What you have to do: Copy exactly, beginning with the line holding "Dior T-Strap Flat Sandals - Yellow" and ending with the final line of the data beneath this task; copy nothing else, and leave out every picture.

Stored data entries:
-------------------------

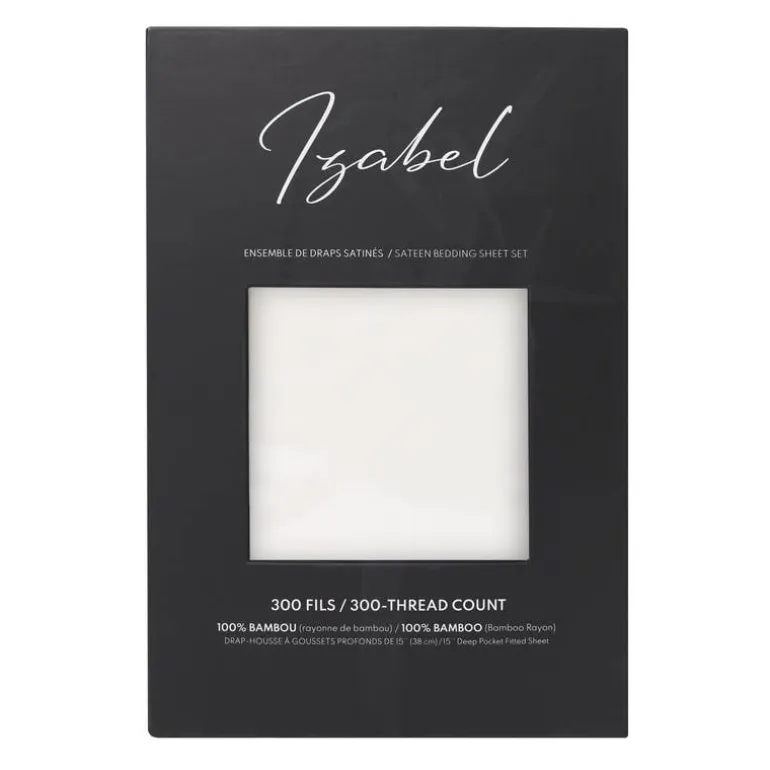 Queen Split-Head Bamboo Rayon Bed Sheet Set - White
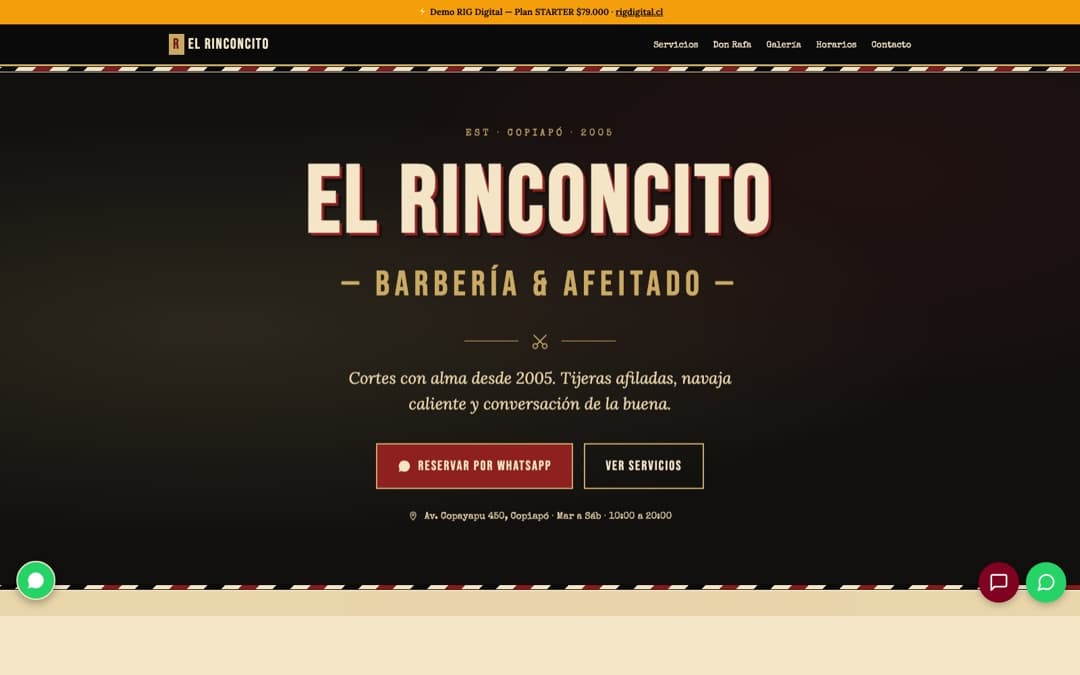 Demo barbería El Rinconcito por RIG Digital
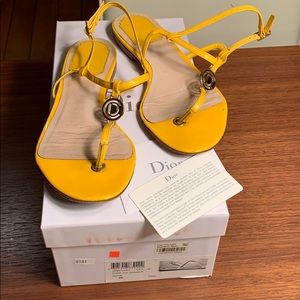 Dior T-Strap Flat Sandals - Yellow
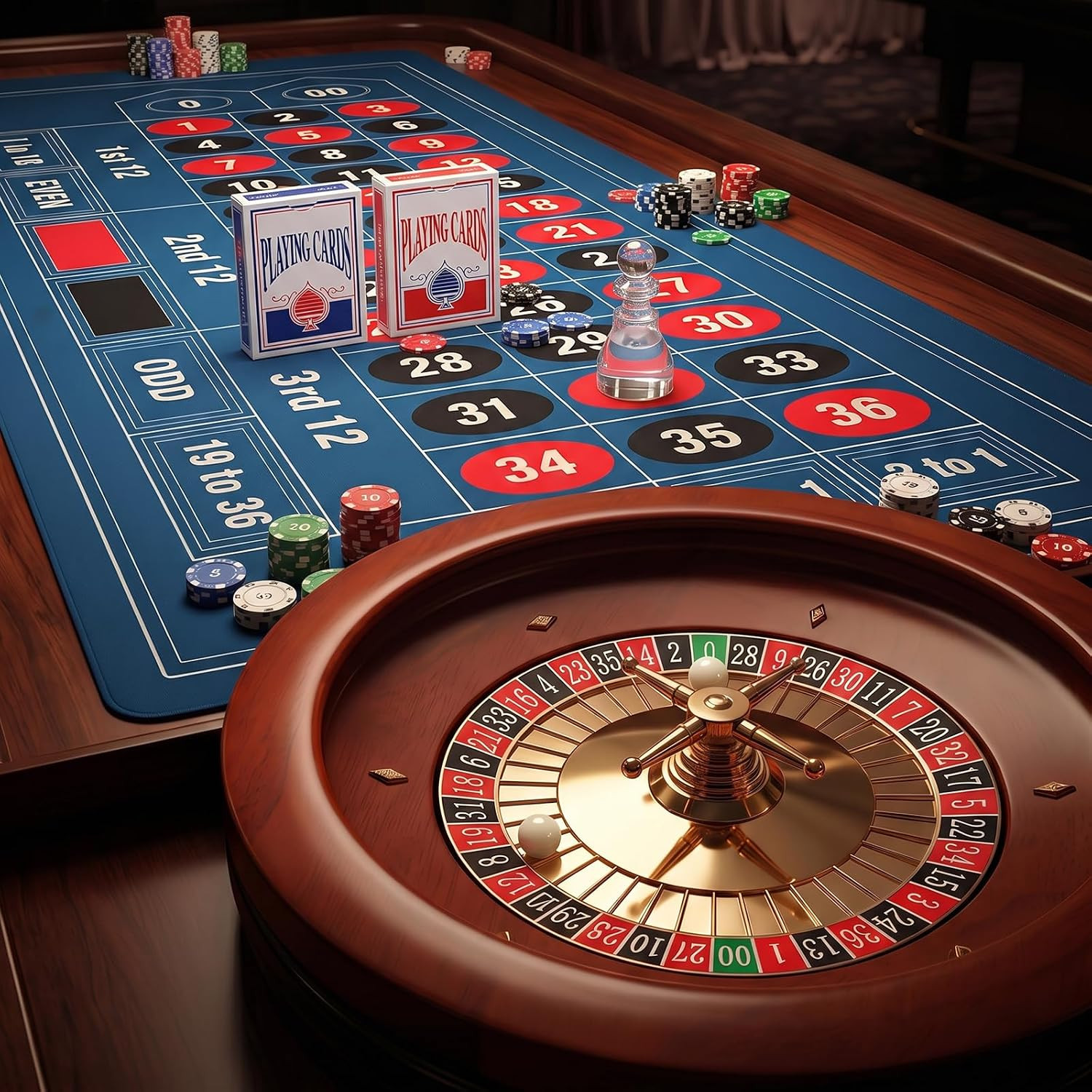 11” Roulette Wheel Set with 47.2 * 23.6” Table Layout Felt 11” Roulette Wheel Set with 47.2 * 23.6” Table Layout Felt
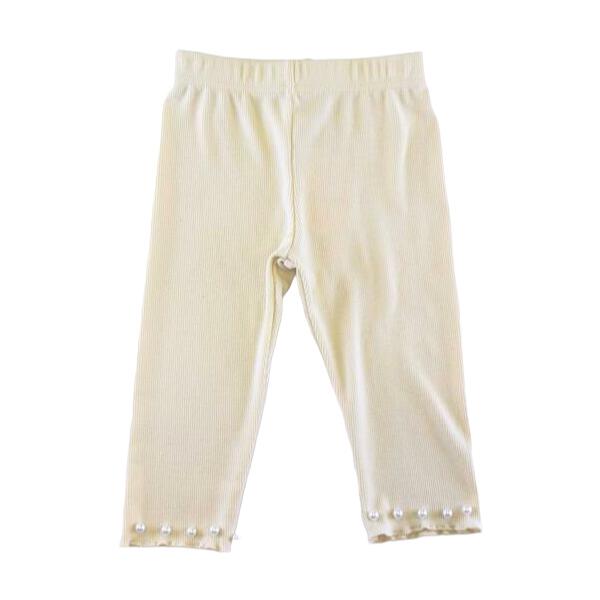 Pearl Trim Glitter Leggings - Beige - doe a dear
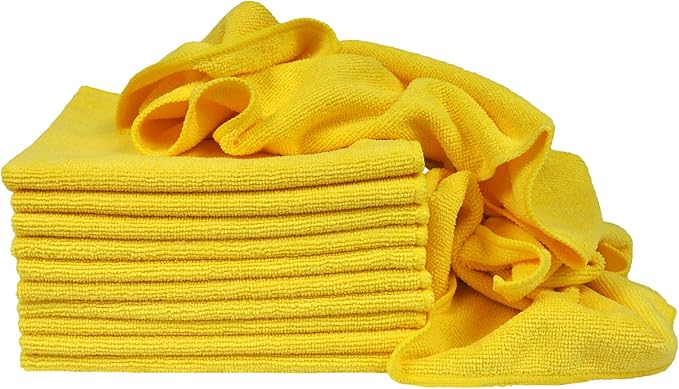 Eurow Utility 240 GSM Terry Weave Microfiber Cleaning Towels for Home, Auto, Boat, RV, Garage, Shop, Streak-Free, Scratch-Free, Reusable, Multi-Surface, Ultra Absorbent, 16x16 Inch, 12-Pack, Yellow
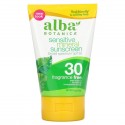 Alba Botanica, 미네랄 자외선 차단제, 민감성, 무향, SPF 30, 4온스 (113그램)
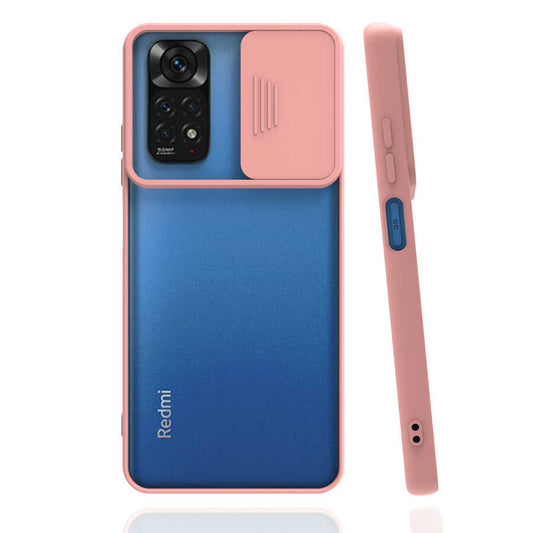 Xiaomi Redmi Note 11S Global Kılıf Zore Lensi Kapak Pembe Açık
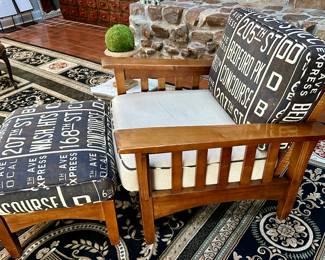 Arts and crafts Mission style chair and ottoman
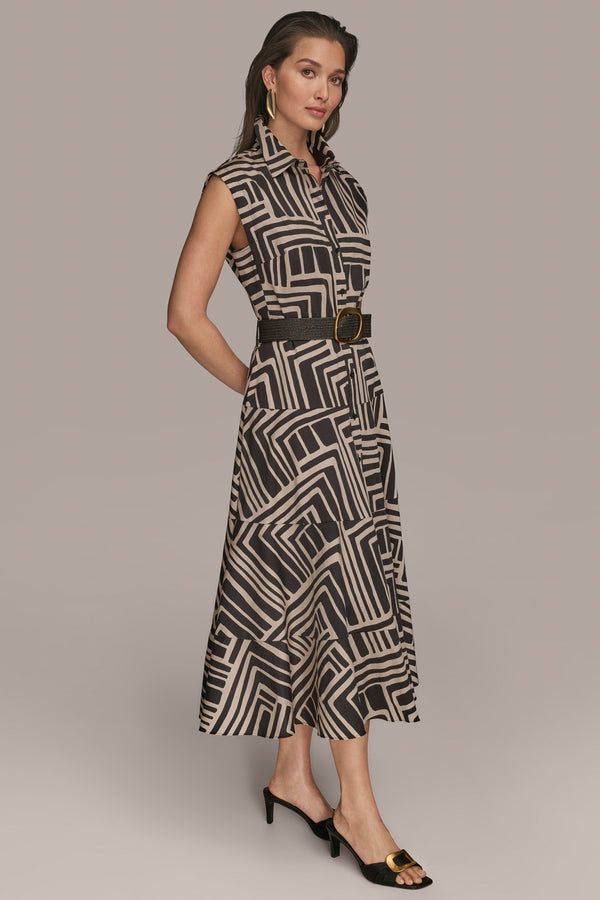 Donna Karan BELTED MIDI SHIRT DRESS Black/Sand Combo
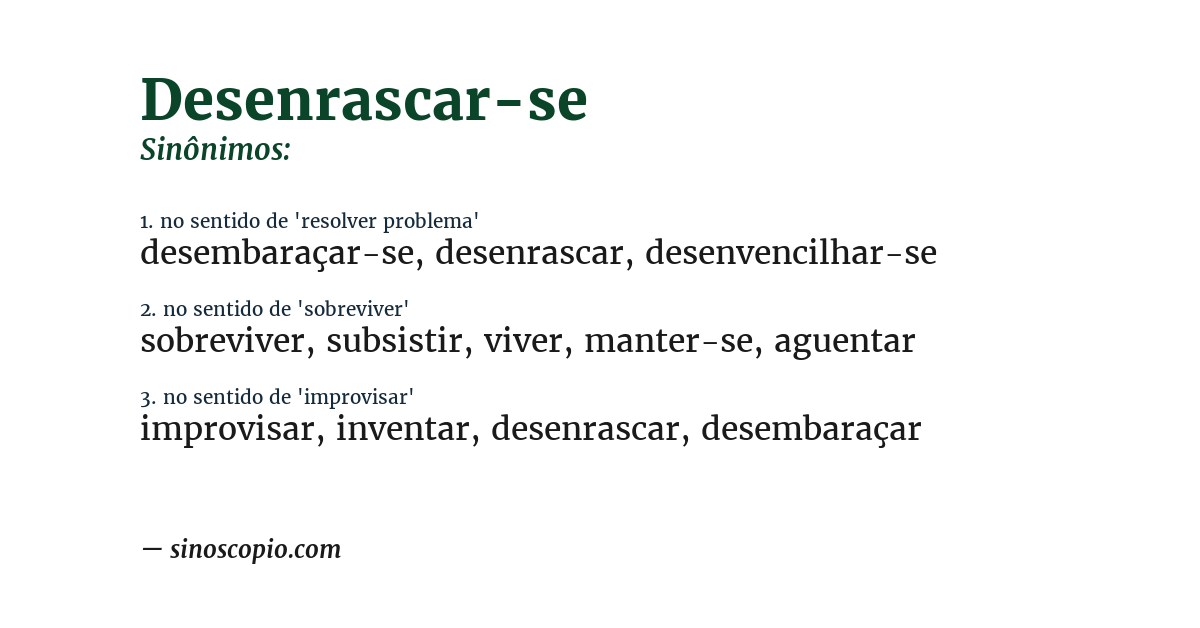 Sinônimo de desenrascar-se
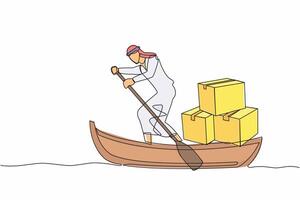 Continuous one line drawing Arabian businessman sailing away on boat with pile of cardboard. Ocean transportation. Shipping items delivered via sailboat. Single line design vector graphic illustration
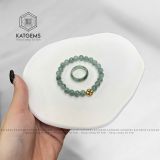  Vòng Đơn Ngọc Hoa Bay 6.6ly Mix Charm Cỏ Bốn Lá Vàng 10K (Không Kén Mệnh) 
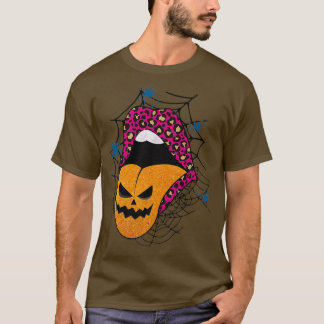 Halloween Rosa Lips Leopard Pattern Pumpkin T-Shirt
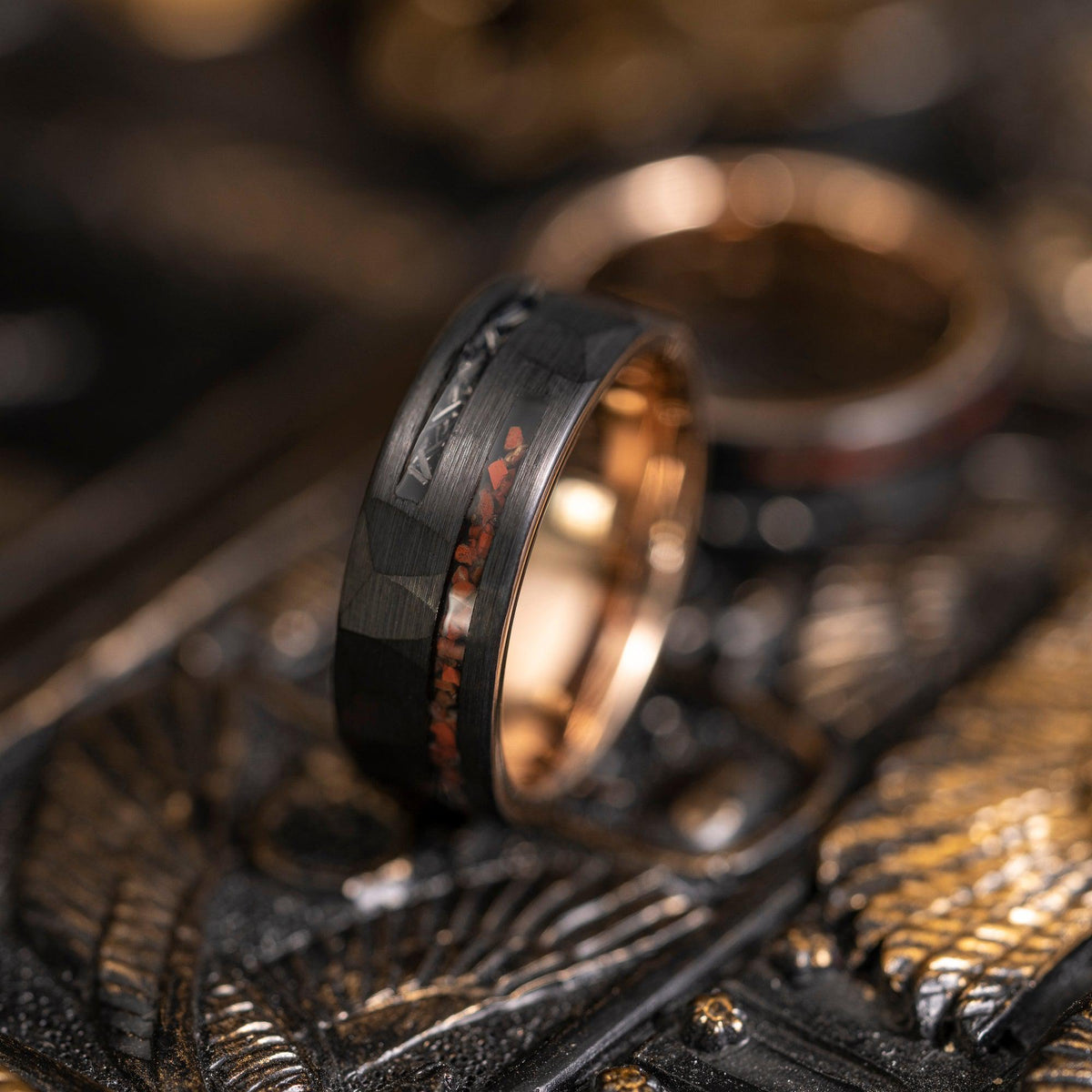 "Perseus" Black x Rose Gold Hammered Tungsten Carbide Ring- Dinosaur and Meteorite- 8mm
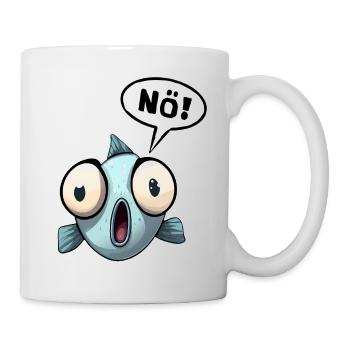Fisch Nein no Nö Nee Spruch Lustiges Funshirt - Mug - white - Right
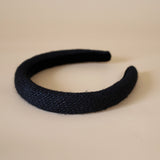 Slender Headband Black Hemp No Studs
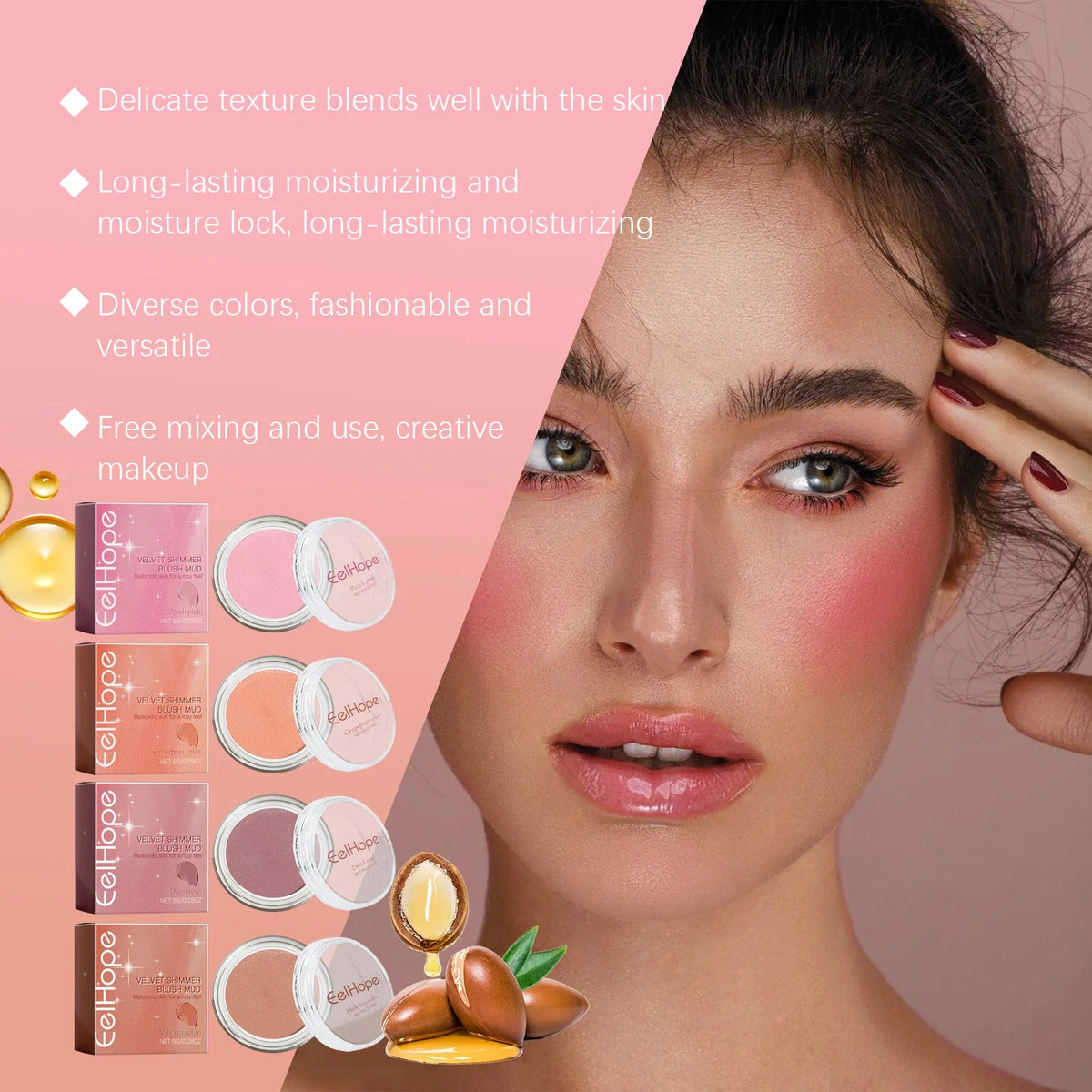 EELHOPE Velvet Shimmer Blush Mud – Cream Cheek Color Makeup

-------------------------

Output for this exercise:
 Dior T-Strap Flat Sandals - Yellow
 11” Roulette Wheel Set with 47.2 * 23.6” Table Layout Felt 11” Roulette Wheel Set with 47.2 * 23.6” Table Layout Felt
 Pearl Trim Glitter Leggings - Beige - doe a dear
 Eurow Utility 240 GSM Terry Weave Microfiber Cleaning Towels for Home, Auto, Boat, RV, Garage, Shop, Streak-Free, Scratch-Free, Reusable, Multi-Surface, Ultra Absorbent, 16x16 Inch, 12-Pack, Yellow
 Alba Botanica, 미네랄 자외선 차단제, 민감성, 무향, SPF 30, 4온스 (113그램)
 Xiaomi Redmi Note 11S Global Kılıf Zore Lensi Kapak Pembe Açık
 Arts and crafts Mission style chair and ottoman
 Donna Karan BELTED MIDI SHIRT DRESS Black/Sand Combo
 Sinônimo de desenrascar-se
 Continuous one line drawing Arabian businessman sailing away on boat with pile of cardboard. Ocean transportation. Shipping items delivered via sailboat. Single line design vector graphic illustration
  Vòng Đơn Ngọc Hoa Bay 6.6ly Mix Charm Cỏ Bốn Lá Vàng 10K (Không Kén Mệnh) 
 Halloween Rosa Lips Leopard Pattern Pumpkin T-Shirt
 "Perseus" Black x Rose Gold Hammered Tungsten Carbide Ring- Dinosaur and Meteorite- 8mm
Fisch Nein no Nö Nee Spruch Lustiges Funshirt - Mug - white - Right
 Slender Headband Black Hemp No Studs
 EELHOPE Velvet Shimmer Blush Mud – Cream Cheek Color Makeup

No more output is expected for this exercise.